H. PEMERIKSAAN PENUNJANG
1. Hemoglobin atau hematokrit (HB/Ht) untuk mengkaji perubahan dari kadar pra
operasidan mengevaluasi efek kehilangan darah pada pembedahan.
2. Leukosit (WBC) mengidentifikasi adanya infeksi
3. Tes golongan darah, lama perdarahan, waktu pembekuan darah
4. Urinalisis / kultur urine
5. Pemeriksaan elektrolit
I. PATHWAY
J. ASUHAN KEPERAWATAN
1. Pengakjian
a. Indentitas
Meliputi nama, umur, jenis kelamin, agama, pendidikan, pekerjaan, alamat,
status pernikahan, suku bangsa, nomor register, tanggal masuk rumah sakit
dan diagnosa medis.
b. Keluhan Utama
Pada umumnya Ibu dengan Post Sectio Caesarea mengeluh nyeri pada daerah
luka bekas operasi.
c. Riwayat Kesehatan
1) Riwayat Kesehatan Sekarang
Riwayat kesehatan sekarang berisi tentang pengkajian data yang dilakukan
untuk menentukan sebab dari dilakukannya operasi Sectio Caesarea
misalnya letak bayi seperti sungsang dan lintang, kemudian sebagian kasus
mulut rahim tertutup plasenta yang lebih dikenal dengan plasenta previa,
bayi kembar (multiple pregnancy), preeklampsia eklampsia berat, ketuban
pecah dini yang nantinya akan membantu membuat rencana tindakan
terhadap pasien.
2) Riwayat Kesehatan Dulu
Hal yang perlu dikaji dalam riwayat penyakit dahulu adalah penyakit yang
pernah diderita pasien khusunya, penyakit konis, menular, dan menahun
seperti penyakit hipertensi, jantung, DM, TBC, hepatitis dan penyakit
kelamin.

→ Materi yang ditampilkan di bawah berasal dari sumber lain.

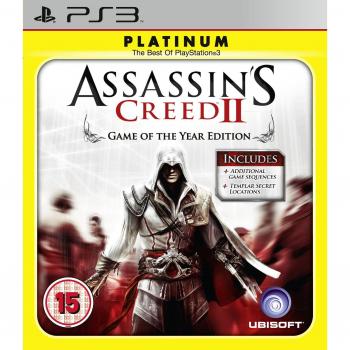 Assassin's Creed II: Game of the Year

Ada tidaknya riwayat operasi umum/ lainnya maupun operasi
kandungan (sectio caesarea, miomektomi, dan sebagainya).
3) Riwayat Kesehatan Keluarga
Dari genogram keluarga apakah keluarga pasien memiliki riwayat penyakit
kronis, seperti penyakit jantung, hipertensi, diabetes, serta penyakit
menular seperti TBC, hepatitis, dan penyakit kelamin yang mungkin
penyakit tersebut diturunkan pada pasien
4) Riwayat Perkawinan
Hal yang perlu dikaji pada riwayat perkawinan adalah menikah sejak usia
berapa, berapa kali menikah, lama pernikahan, status pernikahan saat ini.

5) Riwayat Obstetri
Pada pengkajian riwayat obstetri meliputi riwayat kehamilan, persalinan,
maupun abortus yang dinyatakan dengan kode GxPxAx (Gravida, Para,
Abortus), berapa kali ibu hamil, penolong persalinan, cara persalinan,
penyembuhan luka persalinan, keadaan bayi saat baru lahir, berat badan
lahir anak jika masih ingat. Riwayat menarche, siklus haid, ada tidaknya
nyeri haid atau gangguan haid lainnya.
6) Riwayat Kontrasepsi
Hal yang dikaji dalam riwayat kontrasepsi untuk mengetahui apakah ibu
pernah ikut program kontrasepsi, jenis yang dipakai sebelumnya, apakah
ada masalah dalam pemakaian kontrasepsi tersebut, dan setelah masa nifas
apakah akan menggunakan kontrasepsi kembali
7) Pola Kesehatan Fungsional
1. Pola Nutrisi dan Metabolisme
Pada pasien nifas biasanya terjadi peningkatan nafsu makan karena
dari keinginan untuk menyusui bayinya.
2. Pola Aktifitas
Pada pasien post Sectio Caesarea aktifitas masih terbatas, ambulasi
dilakukan secara bertahap, setelah 6 jam pertama dapat dilakukan
miring kanan dan kiri. Kemudian ibu dapat diposisikan setengah duduk
atau semi fowler. Selanjutnya ibu dianjurkan untuk belajar duduk
selama sehari, belajar berjalan, dan kemudian berjalan sendiri pada
hari ke tiga sampai hari ke lima pasca operasi.
3. Pola Eliminasi
Pada pasien post Sectio Caesarea sering terjadi adanya konstipasi
sehingga pasien takut untuk melakukan BAB.
4. Istirahat dan Tidur
Pada pasein post Sectio Caesarea terjadi perubahan pada pola istirahat
dan tidur karena adanya kehadiran bayi dan nyeri yang dirasakan
akibat luka pembedahan.
5. Pola Sensori
Pasien merasakan nyeri pada abdomen akibat luka pembedahan yang
dilakukan.
6. Pola Status Mental
Pada pemeriksaan status mental meliputi kondisi emosi, orientasi
pasien, proses berpikir, kemauan atau motivasi, serta persepsi psaien.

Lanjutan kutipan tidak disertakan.